パルコ企画製作「ハーパー・リーガン」PARCO劇場
<2010年9月4日(土)夜>
夫は失業中、娘は高校生で、一人で家計を支えるハーパー・リーガン。父親が危篤との連絡を受けて勤務先に休暇願を出すが、繁忙期のため家庭の事情で足元を見られて、拒否される。思うところがあって、家族や職場にも内緒で実家に戻るハーパーが経験する様々な人たちとの出来事。
長塚圭史の久しぶりの翻訳劇演出、つい初日に観てしまいました。感想を端的に言えば、今の自分には観られてよかった、でも人には勧めるのをためらう、役者と、たまにやりすぎを感じるけど脚本のストレートさには好感、演出もっとがんばれ、って感じです。
小林聡美が、それぞれの場面でそれぞれの登場人物とひたすら対話する、直球ど真ん中の会話劇。血とか暴力は、昔の長塚圭史と比べるとほとんどありません。まあそれは予想通りだからいい。で、登場人物の話が、微妙な話題のときでも、というか、微妙な話題のときほど、すごい会話が明晰。このあたりが良くも悪くも、いかにも英語圏の脚本だなと思う。まったく余韻がないんだけど、こなれた翻訳と達者な役者で味わいが深まるのはいいです。ただ、喧嘩別れしたとはいえ、親の危篤の日以降ののハーパーの行動のぶっ飛び方は、芝居とはいえ、あれはイギリスならありうる展開なんでしょうか。正直どうなんだと思っているうちにハーパーがどんどん格好良くなっていくんで、だんだん気にならなくなるんですけど。
自分の人生に理不尽や疑問を感じたことがある人なら、どこかの場面が必ず心にひっかかるでしょう。そういう脚本です。それで自分は観られてよかったと感じたんですけど、ほかの人の感想、特に30歳から50歳くらいの女性の感想を聞いてみたい。
で、場面転換以外冗談抜きで出ずっぱりのハーパー小林聡美の演技が、なんていえばいいんでしょう、説得力が高いというか存在感が強いというか。失礼ながら決して美人な女優ではないんですけど、すごい凛々しくてきれいに見えて、さすが人気女優は違うと思いました。衣装の着こなしもよかったですね。ほかの役者も実力に異論はないんですけど、若者の多感な感情を表現した2役の美波と、とても馴染んだ雰囲気だった福田転球は、個人的にはかなり好感度が上がりました。

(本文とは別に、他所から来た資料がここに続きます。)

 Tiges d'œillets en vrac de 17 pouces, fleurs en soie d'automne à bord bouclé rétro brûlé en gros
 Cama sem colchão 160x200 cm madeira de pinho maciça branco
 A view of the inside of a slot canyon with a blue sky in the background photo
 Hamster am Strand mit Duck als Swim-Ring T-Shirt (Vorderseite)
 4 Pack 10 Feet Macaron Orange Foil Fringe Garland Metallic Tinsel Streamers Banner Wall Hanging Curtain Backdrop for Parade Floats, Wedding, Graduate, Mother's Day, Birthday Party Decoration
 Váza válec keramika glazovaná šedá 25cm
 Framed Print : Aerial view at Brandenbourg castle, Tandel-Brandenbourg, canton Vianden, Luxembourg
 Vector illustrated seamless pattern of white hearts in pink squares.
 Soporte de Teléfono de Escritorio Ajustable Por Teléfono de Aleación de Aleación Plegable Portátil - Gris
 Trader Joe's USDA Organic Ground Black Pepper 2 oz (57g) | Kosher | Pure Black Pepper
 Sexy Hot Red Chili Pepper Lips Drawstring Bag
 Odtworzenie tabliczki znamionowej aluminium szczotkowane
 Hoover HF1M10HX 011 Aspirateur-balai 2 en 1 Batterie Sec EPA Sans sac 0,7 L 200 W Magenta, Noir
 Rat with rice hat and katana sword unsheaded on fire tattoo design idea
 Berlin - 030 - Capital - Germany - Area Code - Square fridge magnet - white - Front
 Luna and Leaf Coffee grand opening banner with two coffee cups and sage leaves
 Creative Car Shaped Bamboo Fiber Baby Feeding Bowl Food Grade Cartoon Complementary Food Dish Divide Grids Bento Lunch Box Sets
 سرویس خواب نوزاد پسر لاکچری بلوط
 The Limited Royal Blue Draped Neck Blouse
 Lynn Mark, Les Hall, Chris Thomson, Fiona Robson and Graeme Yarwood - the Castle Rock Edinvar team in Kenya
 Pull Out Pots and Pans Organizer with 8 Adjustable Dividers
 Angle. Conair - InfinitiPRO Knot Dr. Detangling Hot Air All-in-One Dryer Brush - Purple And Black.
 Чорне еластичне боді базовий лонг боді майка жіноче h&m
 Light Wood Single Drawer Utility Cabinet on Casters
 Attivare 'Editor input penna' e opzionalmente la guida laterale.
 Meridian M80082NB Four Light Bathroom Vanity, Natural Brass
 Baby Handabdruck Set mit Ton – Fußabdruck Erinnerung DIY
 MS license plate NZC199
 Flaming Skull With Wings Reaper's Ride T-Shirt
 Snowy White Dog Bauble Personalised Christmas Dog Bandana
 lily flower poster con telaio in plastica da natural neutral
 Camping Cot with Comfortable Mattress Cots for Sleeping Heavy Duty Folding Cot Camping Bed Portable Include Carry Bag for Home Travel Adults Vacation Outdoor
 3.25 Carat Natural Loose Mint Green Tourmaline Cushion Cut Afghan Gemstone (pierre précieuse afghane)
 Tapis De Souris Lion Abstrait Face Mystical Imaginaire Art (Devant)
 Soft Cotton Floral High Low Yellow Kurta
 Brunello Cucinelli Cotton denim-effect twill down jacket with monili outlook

なんですが、芝居全体で観ると、もっさりしたテンポであることは否めず。厚みを出そうとして逆に緩急をつけ損ねた印象。あと、上で小林聡美の演技力を絶賛していますが、その説得力があだになった面もあり。ハーパーは行動や台詞にぶっ飛んだところがありますし、確実なのは確実なんてないことという台詞に象徴されるように、揺れ動いた結果として格好良くなるのがたぶん脚本の狙いだと思うけど、ハーパーが何をやっても正しくて必然で常識を体言しているようになっていた。そこは演出で調整してほしかったし、もし狙ってそうしたんだとしたら、稚拙じゃないかと思う。あと、コンクリートにはもう少し意味を持たせてほしかった。
これからよくなる余地も見て取れたので、血とか暴力とか目当ての人には勧めないけど、人生悩める人で、役者か脚本に興味を持った人にはいいんじゃないでしょうか。